Your assignment - Starting at the line containing "Victoria’s Secret Black" and ending at the line containing "Begegnungscafe und Formularhilfe", transcribe the listing below exactly. Keep both end lines, skip the pictures, and copy nothing else.
____ Listed records
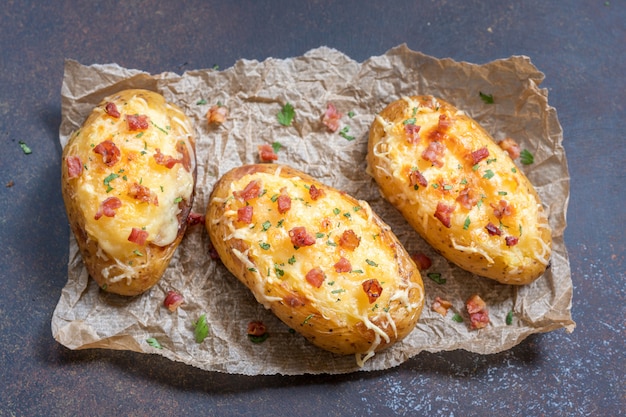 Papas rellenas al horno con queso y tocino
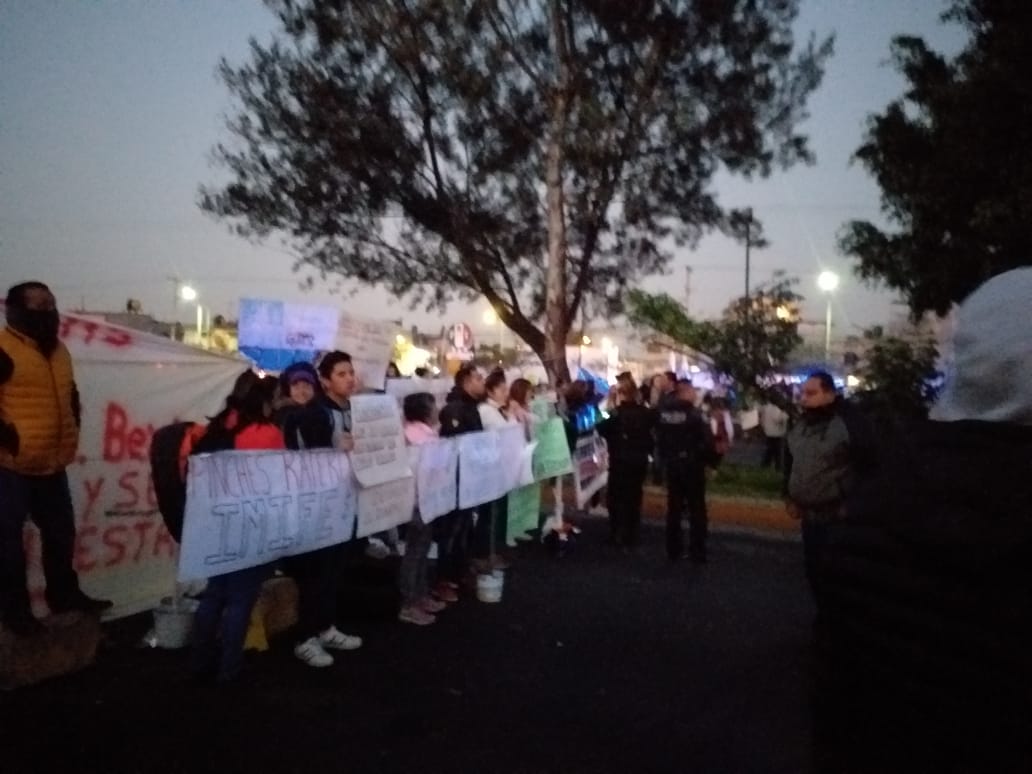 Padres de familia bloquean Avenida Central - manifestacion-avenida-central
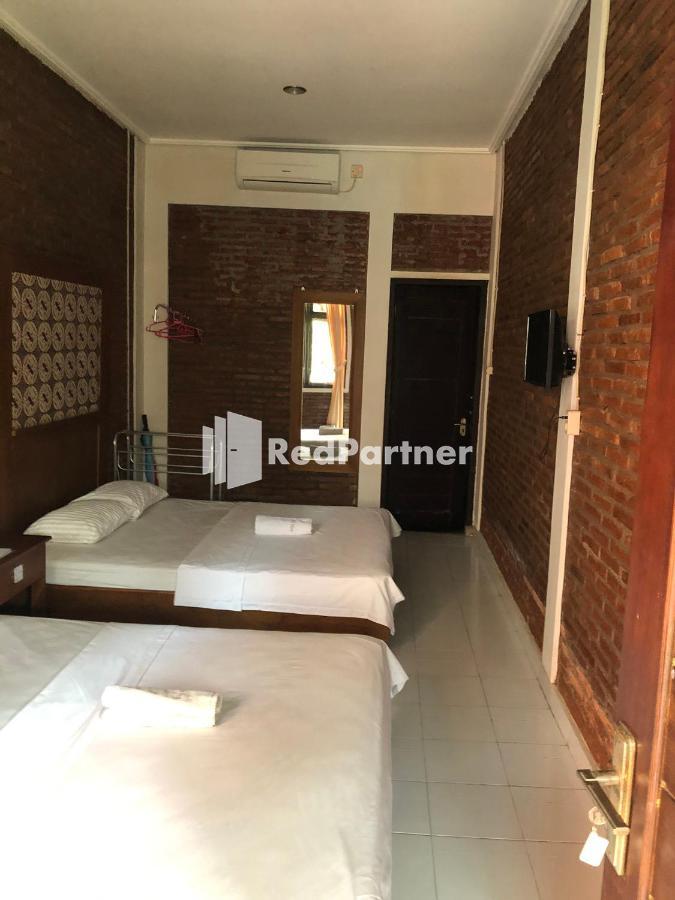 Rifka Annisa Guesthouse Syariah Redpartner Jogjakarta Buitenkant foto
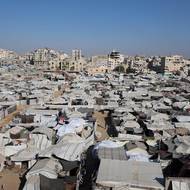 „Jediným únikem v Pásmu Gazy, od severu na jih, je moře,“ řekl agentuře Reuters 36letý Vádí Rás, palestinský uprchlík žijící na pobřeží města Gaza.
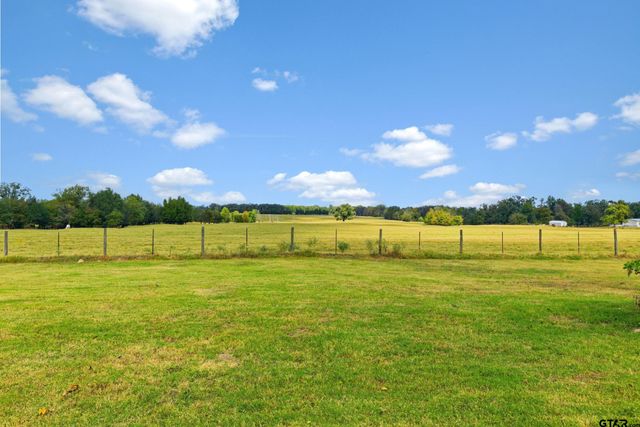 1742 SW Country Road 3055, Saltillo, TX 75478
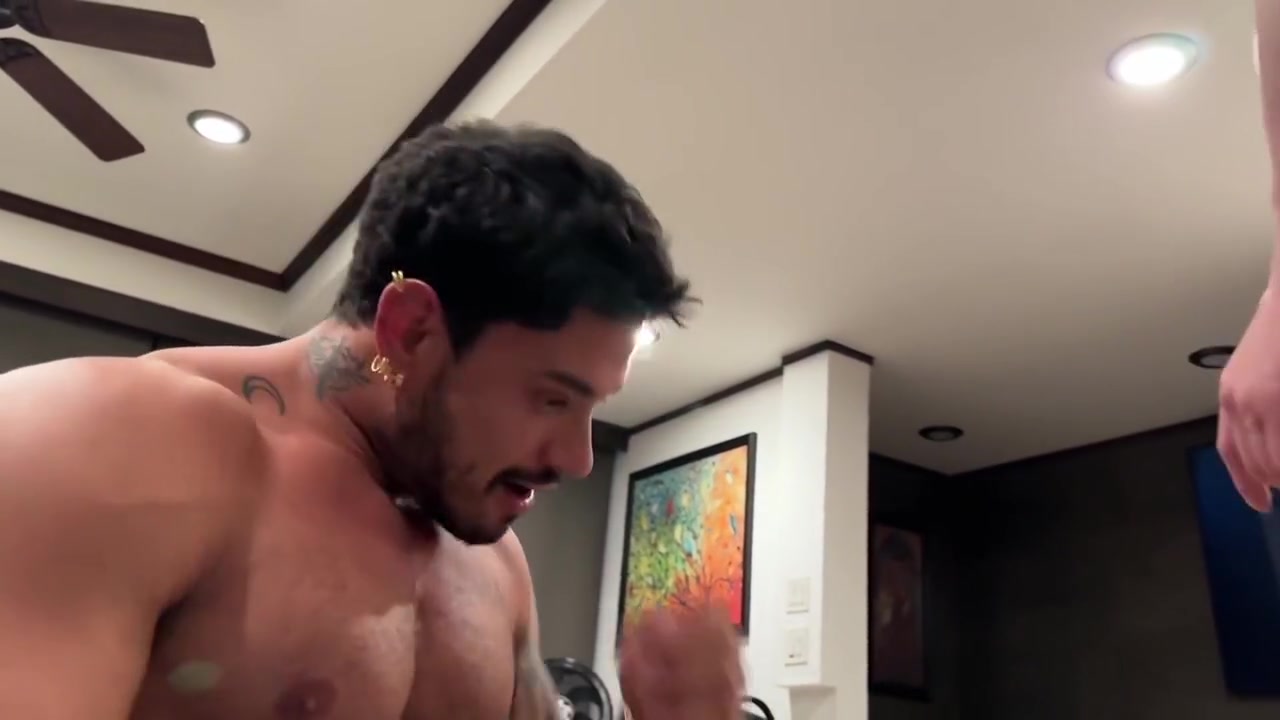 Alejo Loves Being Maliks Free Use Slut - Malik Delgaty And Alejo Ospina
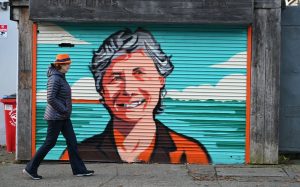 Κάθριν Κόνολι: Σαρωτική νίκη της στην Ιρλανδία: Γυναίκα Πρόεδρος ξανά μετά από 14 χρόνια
________
____ Listed records
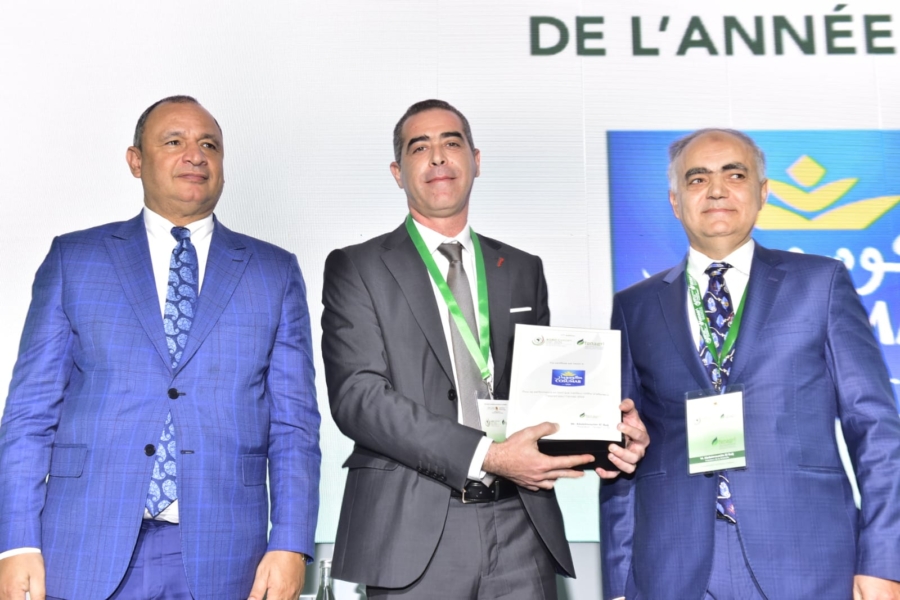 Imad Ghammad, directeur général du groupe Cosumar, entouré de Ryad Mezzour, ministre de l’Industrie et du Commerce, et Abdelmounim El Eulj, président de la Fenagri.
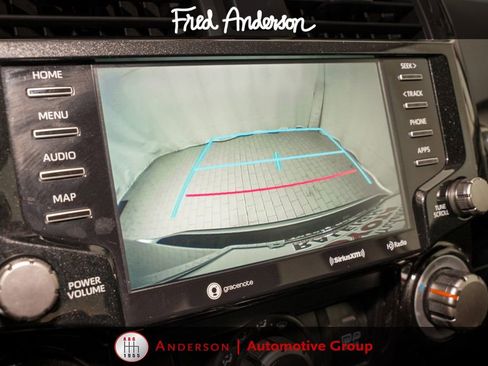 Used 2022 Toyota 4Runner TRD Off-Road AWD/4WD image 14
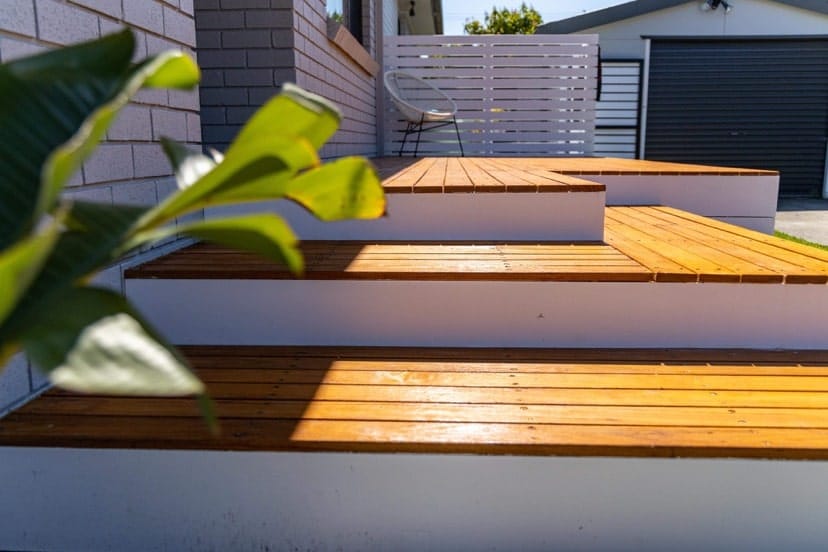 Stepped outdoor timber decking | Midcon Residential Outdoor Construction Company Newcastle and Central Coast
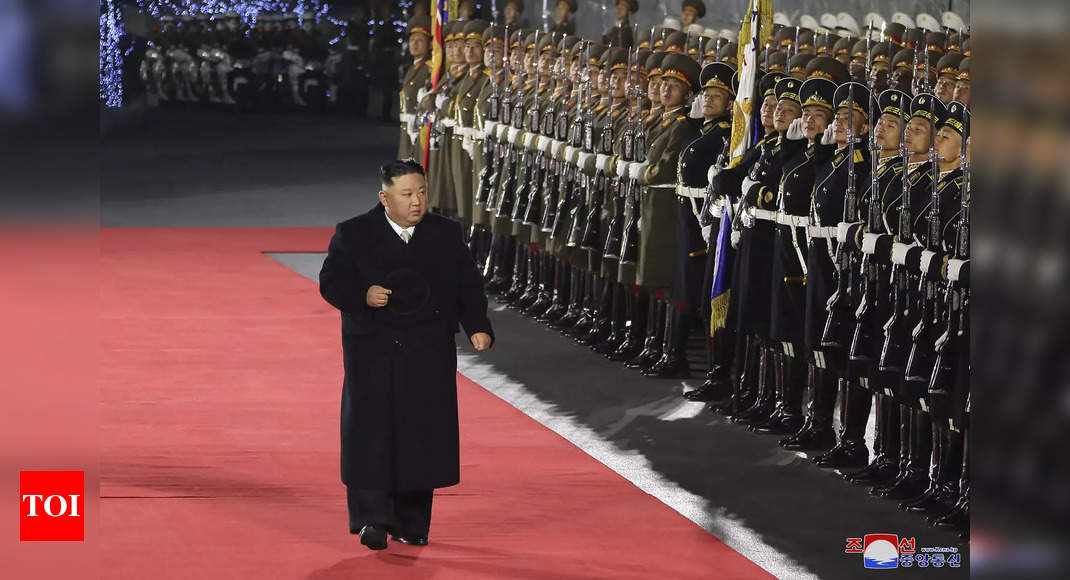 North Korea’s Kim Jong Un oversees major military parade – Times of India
________
____ Listed records
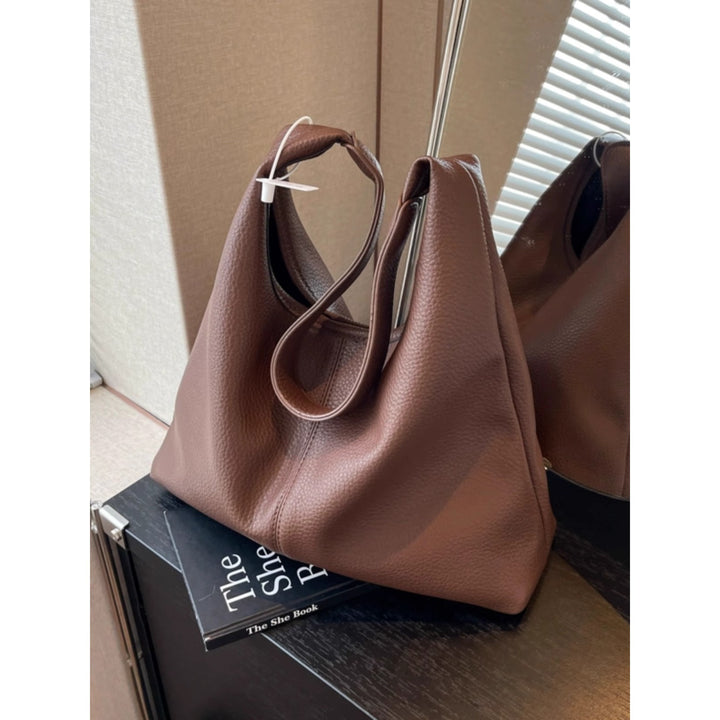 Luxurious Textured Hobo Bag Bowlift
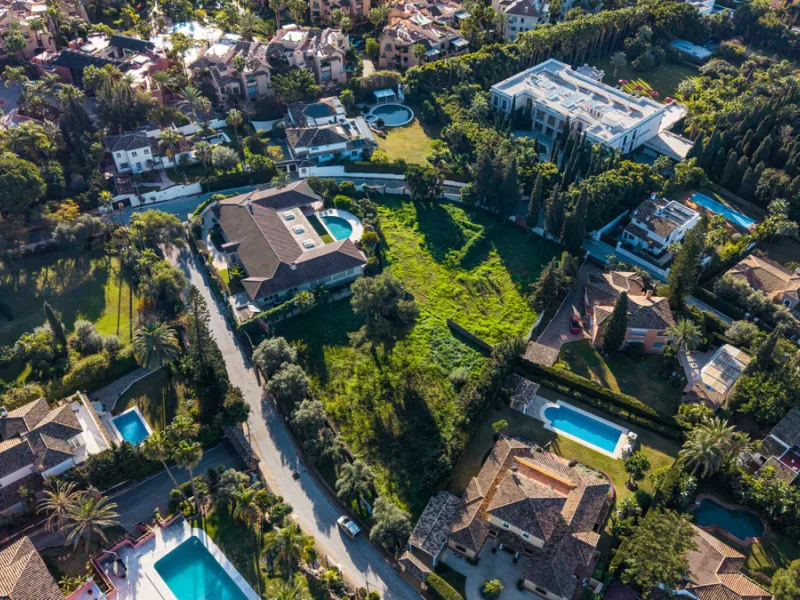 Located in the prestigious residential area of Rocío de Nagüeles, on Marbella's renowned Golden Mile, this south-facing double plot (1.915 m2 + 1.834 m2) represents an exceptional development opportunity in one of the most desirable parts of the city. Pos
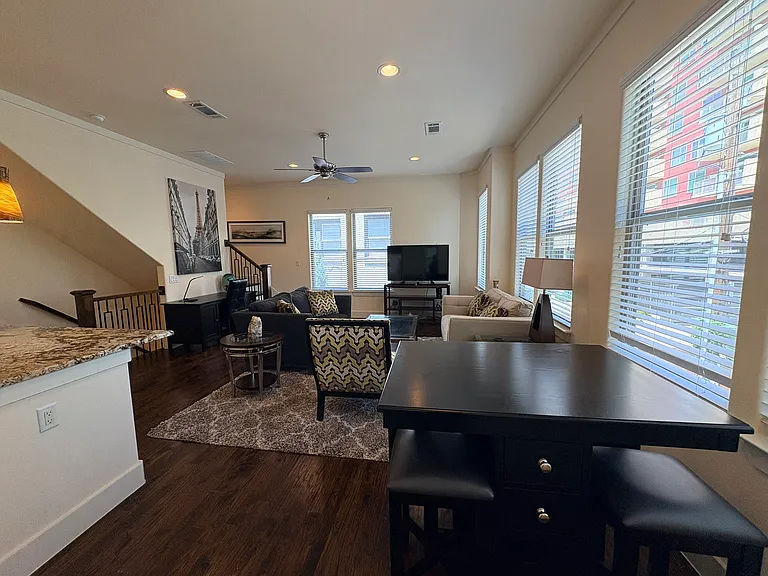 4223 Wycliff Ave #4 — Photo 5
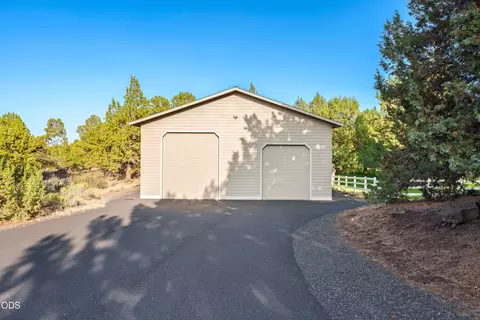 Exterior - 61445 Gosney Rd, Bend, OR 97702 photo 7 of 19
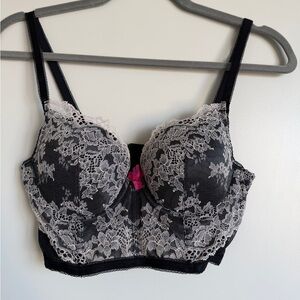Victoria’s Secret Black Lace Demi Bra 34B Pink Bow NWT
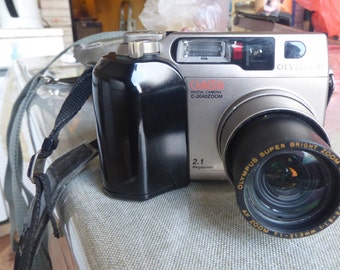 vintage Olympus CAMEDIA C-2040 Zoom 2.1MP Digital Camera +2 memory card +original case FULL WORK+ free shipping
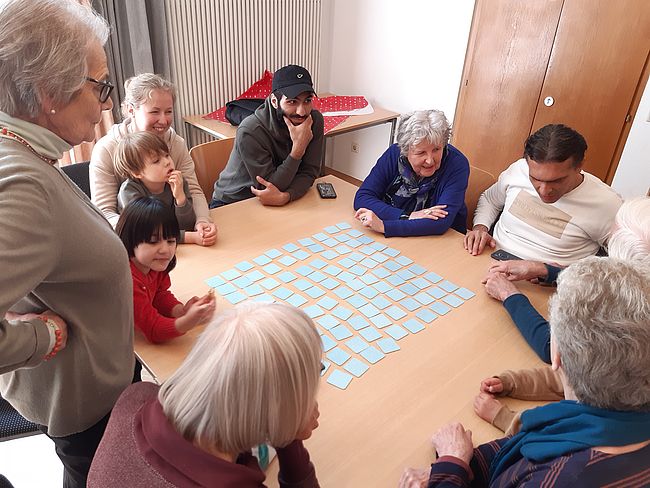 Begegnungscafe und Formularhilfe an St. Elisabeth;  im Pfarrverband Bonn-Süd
________
Response area -
Victoria’s Secret Black Lace Demi Bra 34B Pink Bow NWT
 vintage Olympus CAMEDIA C-2040 Zoom 2.1MP Digital Camera +2 memory card +original case FULL WORK+ free shipping
 Begegnungscafe und Formularhilfe an St. Elisabeth;  im Pfarrverband Bonn-Süd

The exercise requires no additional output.